Rhino poaching in South Africa is sadly still a thriving business and if it continues at this rate, the species may be extinct within 10 to 20 years. But with an increase in conservation efforts across the country, there is hope.
Different nature reserves across the country have put in place various ways to help curb the poaching of these beautiful creatures including strict patrols and dehorning - however, Kapama do things a little differently.
At Kapama they implement rhino notching. Rhino notching involves placing a microchip into the horn so it can be tracked, and if poaching occurs, can help apprehend the offender as the microchip makes it identifiable in terms of what area it came from.
Guests who stay at Kapama get the opportunity to gain an insight into this process and join the team as they tranquilise and notch a rhino that hasn't been done yet.
The Kapama team searching for un-notched rhinos
The rhino notching day starts early to avoid the heat of the sun so the rhinos don't burn up once the process starts.
The team consists of various rangers to assist, the veterinarian, Dr Peter Rogers, and his assistant Janelle. Dr Rogers watches from a helicopter until an un-notched rhino is spotted and once in his sights, he shoots it with a tranquilising dart and it's game on.

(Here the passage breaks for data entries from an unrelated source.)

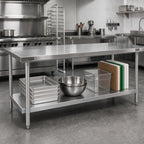 Thumbnail image #2 for John Boos SSK8-3072 72 x 30-Inch 18-Gauge 300 Series Stainless Steel Work Table Undershelf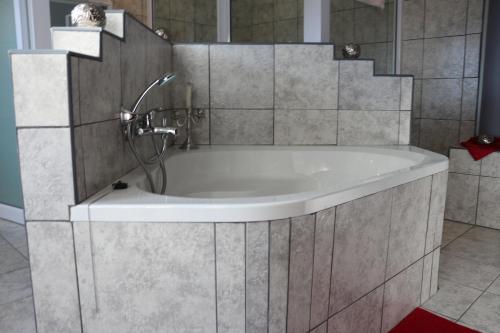 鲸湾港Amjicaja Guesthouse, Tours & Rentals的浴室设有浴缸和淋浴。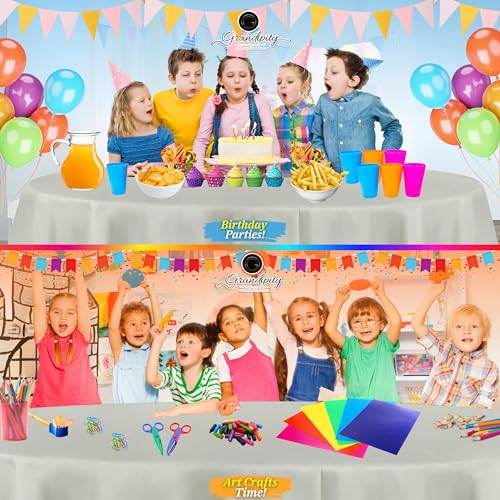 Image of Grandipity 24 Pack Premium Disposable Plastic Tablecloth 84 inch Inch Decorative Round Table Cover - Light Grey
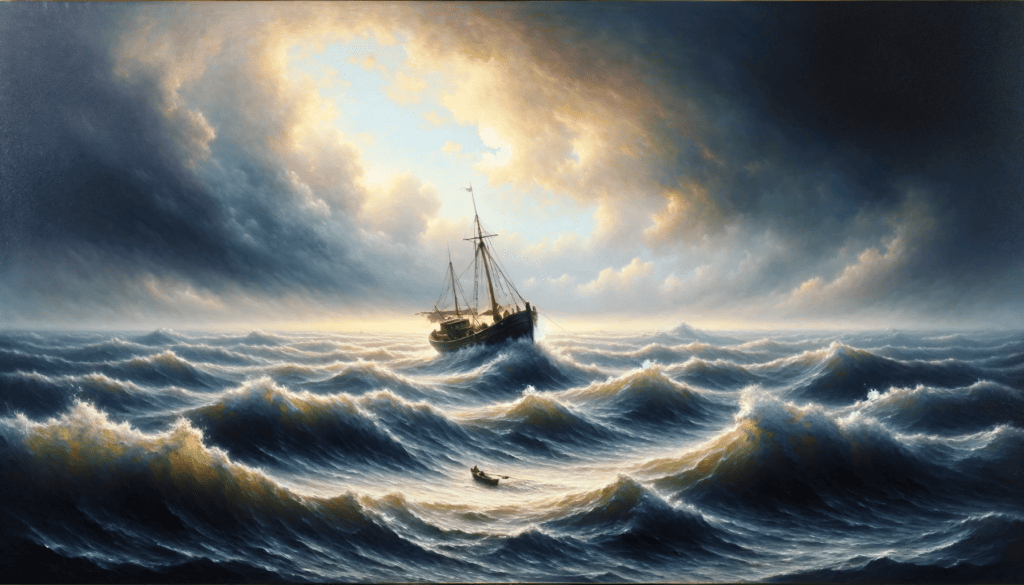 A small boat resiliently navigating stormy seas, symbolizing bravery in adversity, in an oil painting.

The rhino takes a few minutes before it falls and as soon as that happens everyone, including you, springs into action. Firstly, the rhino has to be laying on it's side with it's legs clear of it's body. If the rhino, which is pretty heavy to say the least, lays on it's leg for too long it can result in injury. So, if needed, you'll have to help the team push the rhino over - which is no easy feat!
Adding to the pressure is the fact that you can't keep the rhino under anaesthetic safely for too long - everyone springs into action. Blindfold placed, eye drops applied, a hair taken from the tail, ear notched to signify it's been chipped, tranquiliser dart wound tended to and of course the chip inserted into the horn.
The entire process is done within minutes and everyone scatters back to the vehicles while the blindfold is removed and the rhino is a bit disoriented for awhile.
The whole experience is extremely unique, not only because you get to be in such close proximity with a 1500kg animal, but also because you're taking part in an important step to conserving the species.